Marks & Spencer's Marc Bolland
Marks & Spencer outgoing chief Marc Bolland

Marks & Spencer CEO Marc Bolland has stood down from Marks & Spencer after the bellwether retailer posted worse than expected trading figures for Christmas in general merchandise, which includes fashion. The news tops a week of tales of tough Christmas trading at some of the biggest high street players.

Like-for-like sales over Christmas in general merchandise tumbled 5.8%, which was worse that analysts predictions. The retailer blamed unfavourable weather (a warm and wet December deterred customers from buying heavy outerwear and venturing to the high street) and poor availability of some lines, but insisted Bolland’s decision to leave was his own.

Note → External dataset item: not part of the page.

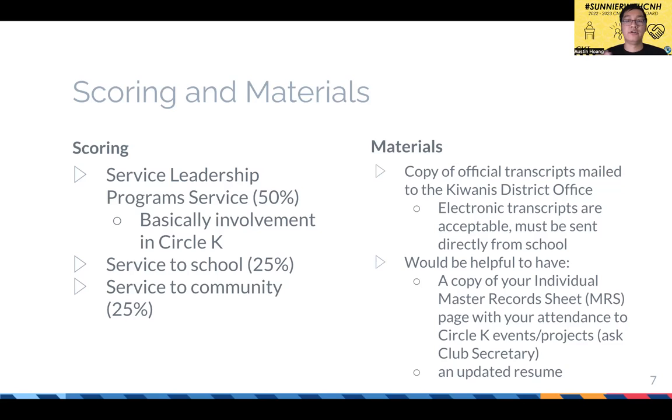There was a question about sending electronic transcripts — I believe as a Berkeley student, yes, it does cost money, but it's relatively inexpensive. When I submitted mine, the cost was not that high.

Chairman Robert Swannell said there had been no shareholder pressure on Bolland to leave, despite intense speculation about his departure in recent months. “The board is very grateful to Marc for his leadership in this important period of enhancing Marks & Spencer’s competitive position for its future,” he said.

Bolland hands over the CEO reins to Steve Rowe, who has been heading up general merchandise since July last year, having taken that over from John Dixon who left the retailer. Prior to that Rowe was head of food. By contrast to fashion, Marks & Spencer enjoyed its best ever Christmas in food, where like-for-like sales were up 0.4%.

Marks & Spencer is not the only high street retailer to have suffered this Christmas. Next, which is normally a rock solid performer, said full price sales had fallen by 0.5% between 26 October and 24 December while sales at the Next’s catalogue and online business, Directory, rose just 2%. Overall sales were up by 0.4%, which was below analysts’ forecasts of around 4%.

Next chairman Lord Wolfson again cited the unseasonable weather as part of the problem buy also admitted increased competition online and availability issues had hit the retailer. It had over-ordered on stock for its twice-yearly Directory and under-ordered on stock from its more frequent in-season drops, he said.

This has led some to speculate that the days of the big book Directory could be numbered as it doesn’t suit customers’ shopping habits and the continued trend towards fast fashion.

Bucking the trend was John Lewis which posted a 6% rise in its clothing and beauty sales over Christmas. This was largely driven by a strong performance online, with digital sales now accounting for 40% of the group’s sales. Analysts, however, speculated that sales at physical stores were likely to have been down around 3% as shoppers shunned stores in favour of online.